Unloading OCR modules from memory

import aspose as ocr

ocr_resources = []
ocr_resources.append('aspose-ocr-japanese-v1')
ocr.Resources.fetch_resources(ocr_resources)

api = ocr.AsposeOcr()
images = ocr.OcrInput(ocr.InputType.SINGLE_IMAGE)
images.add('source.png')

recognitionSettings = RecognitionSettings()
recognitionSettings.setLanguage(Language.JPN)

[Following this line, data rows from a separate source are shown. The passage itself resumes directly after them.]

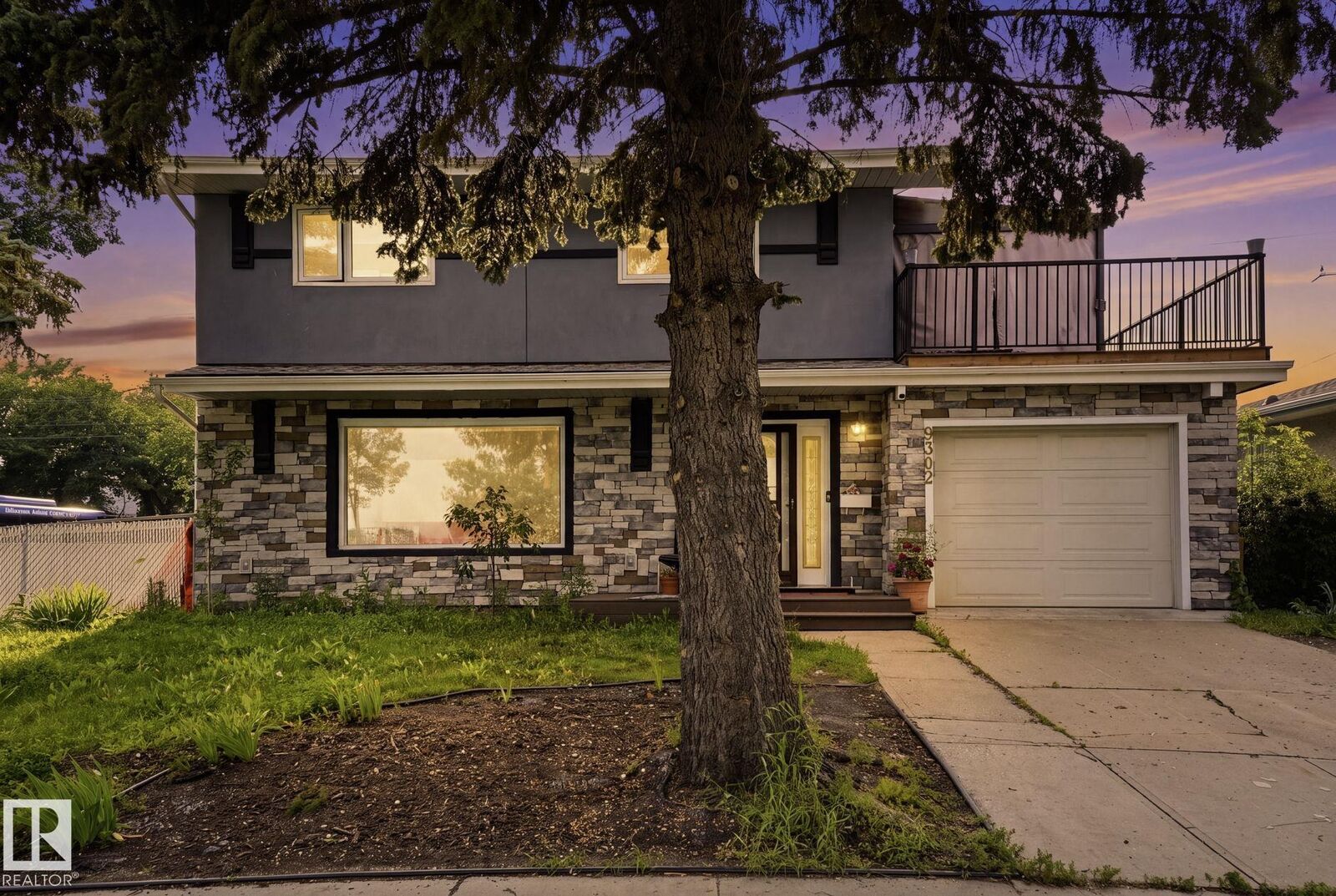 Property Photo:  9302 165 Street NW  AB T5R 2S4 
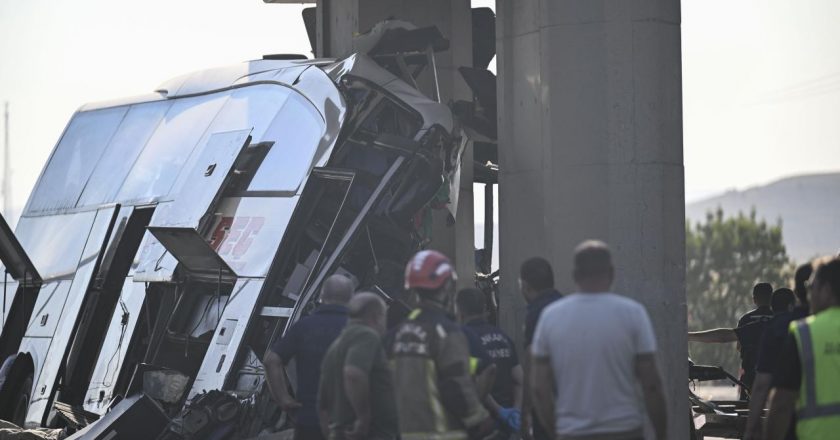 Polatlı’da 9 kişinin hayatını kaybettiği otobüs kazasına ilişkin ön rapor tamamlandı.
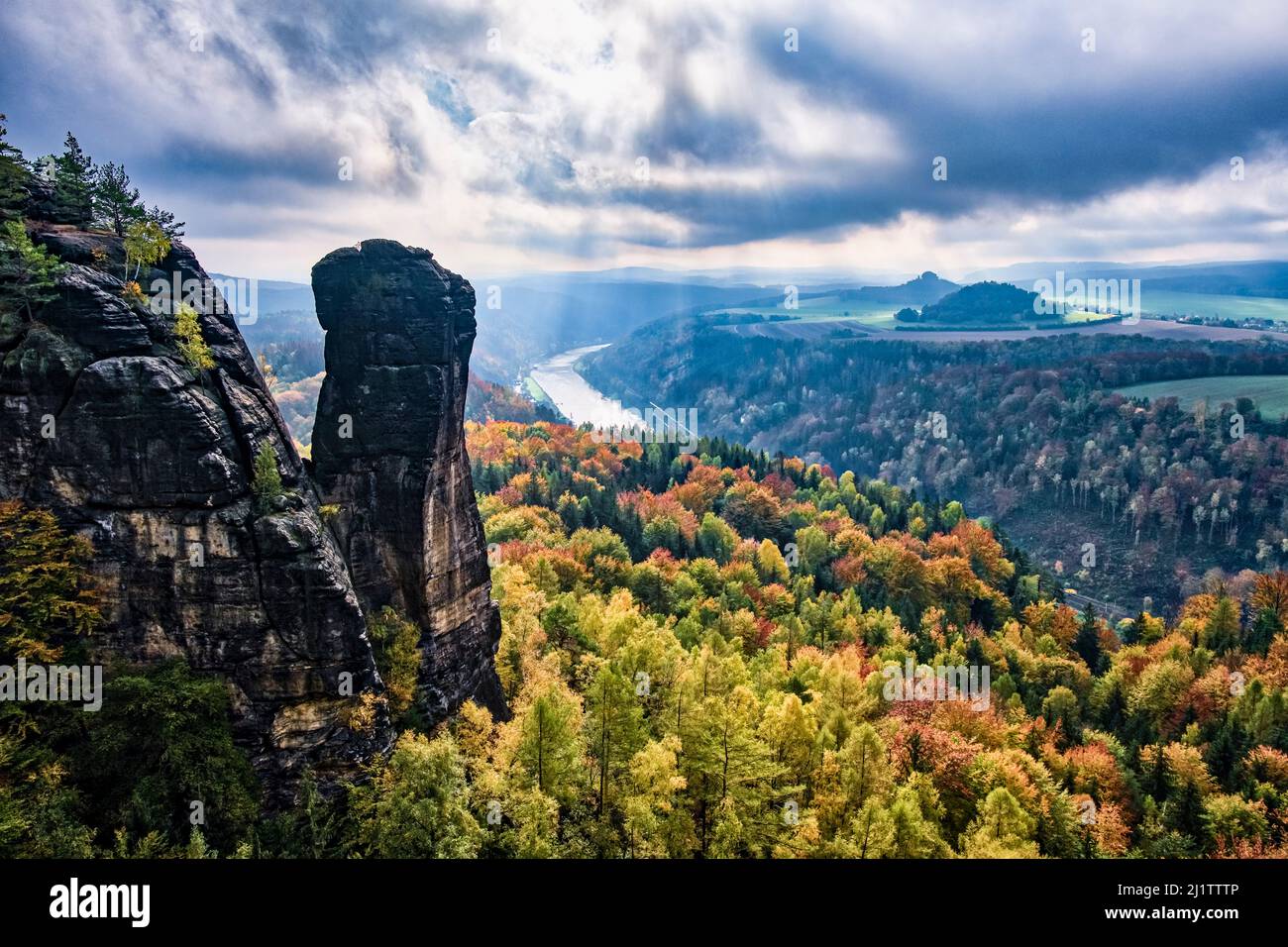 Landschaft mit Felsformationen und dem Gipfel Teufelsturm im Schmilka-Gebiet des Nationalparks Sächsische Schweiz im Herbst. Stockfoto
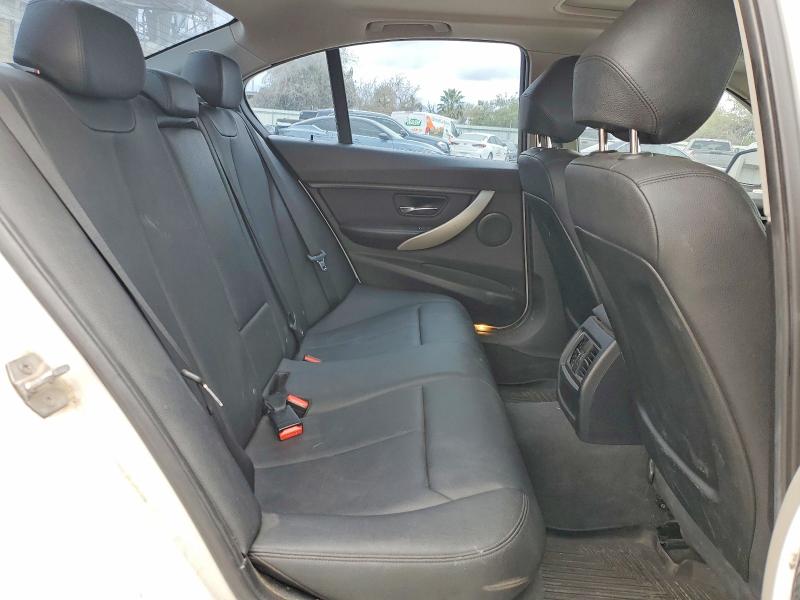 Photo 10 from auction – 2016 BMW 320 I with VIN WBA8A9C57GK616155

result = api.recognize(images, recognitionSettings)
print(result[0].recognition_text)
ocr.Resources.release_memory()

Save recognition results to optimized PDF

import aspose as ocr

api = ocr.AsposeOcr()
images = ocr.OcrInput(ocr.InputType.SINGLE_IMAGE)
images.add('page1.png')
images.add('page2.png')

results = api.recognize(images, recognitionSettings)
save_multipage_pdf_optimized('target.pdf', results, "", PdfOptimizationMode.BALANCED)

Latest Release

What was changed

Public API changes and backwards compatibility

Added public APIs:

Format.HOCR

OcrOutput class

Resources.release_memory()

save_multipage_pdf_optimized()

Updated public APIs:

Language enumeration

Removed public APIs:

recognize_street_photo()

DetectAreasMode.NONE

DetectAreasMode.DOCUMENT

DetectAreasMode.TEXT_IN_WILD

DetectAreasMode.COMBINE

DetectAreasMode.PHOTO

Language.CZE

Language.DUM

Language.RUM

Language.SRP_HRV

Language.CHI

Language.NONE

SpellCheckLanguage.CZE

SpellCheckLanguage.DUM

SpellCheckLanguage.RUM